I’m worried about my neighbourhood . . . and well I should be. One of the world’s largest petroleum companies wants to move next door and pump dry the entire aquifer for an area of 410,000 hectares.

Mind you, the “hood” is huge, roughly the northwest quadrant of British Columbia. But what’s at stake is equally significant.

Ground zero of the proposed project is the famed Spatsizi Wilderness Park, North America’s Serengeti, rich with wildlife from mountain caribou to Stone sheep and grizzly bear.

“My” neighborhood is an exaggeration. But after three decades in the hood, first at the helm of a research foundation radio-collaring caribou and later as a wildlife documentary filmmaker, I feel have a stake in the area’s future. Particularly when the new guy on the block is Royal Dutch Shell.

Last month, the oil giant took full control of Shell Canada, including its exploration rights for coalbed methane in northwest B.C.

Shell calls it the “Mt. Klappan Project.” For everyone else, it’s the “Sacred Headwaters.”

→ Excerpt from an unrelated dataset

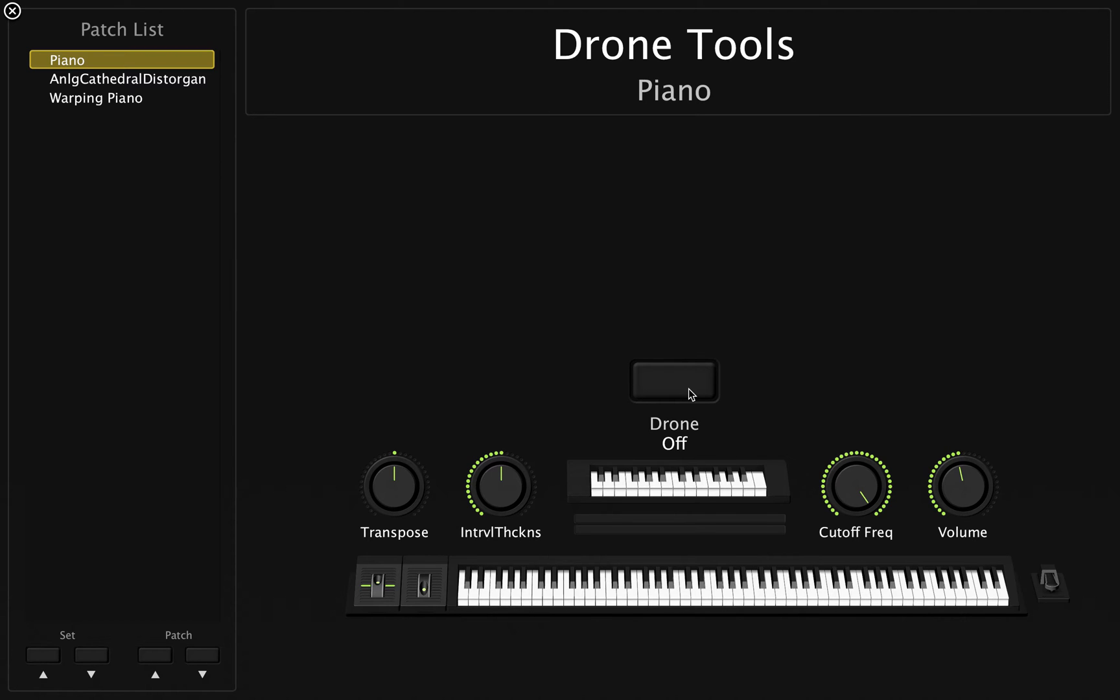All you need to do is assign this second keyboard, this one right here, and the drone button to your MIDI controller, and you'll be set. And I'm going to show you how to do that right now.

Now, I am not a naive protectionist. Each morning, I cook my eggs with natural gas. It isn’t the product that concerns me, it’s the place and the way coalbed methane is recovered.

You see, the Sacred Headwaters basin is not only the heart of Canada’s richest wildlife region, it’s the birthplace of the Skeena, Stikine and Nass rivers — source of the salmon ecology for the whole northwest coast.

Shell argues that “methane is the cleanest of all hydrocarbon fuels.” But the problem is the water that comes with it.

To get the methane gas that’s trapped as microscopic bubbles in subterranean coal seams, all of the aquifer must be pumped dry, allowing the gas to rise.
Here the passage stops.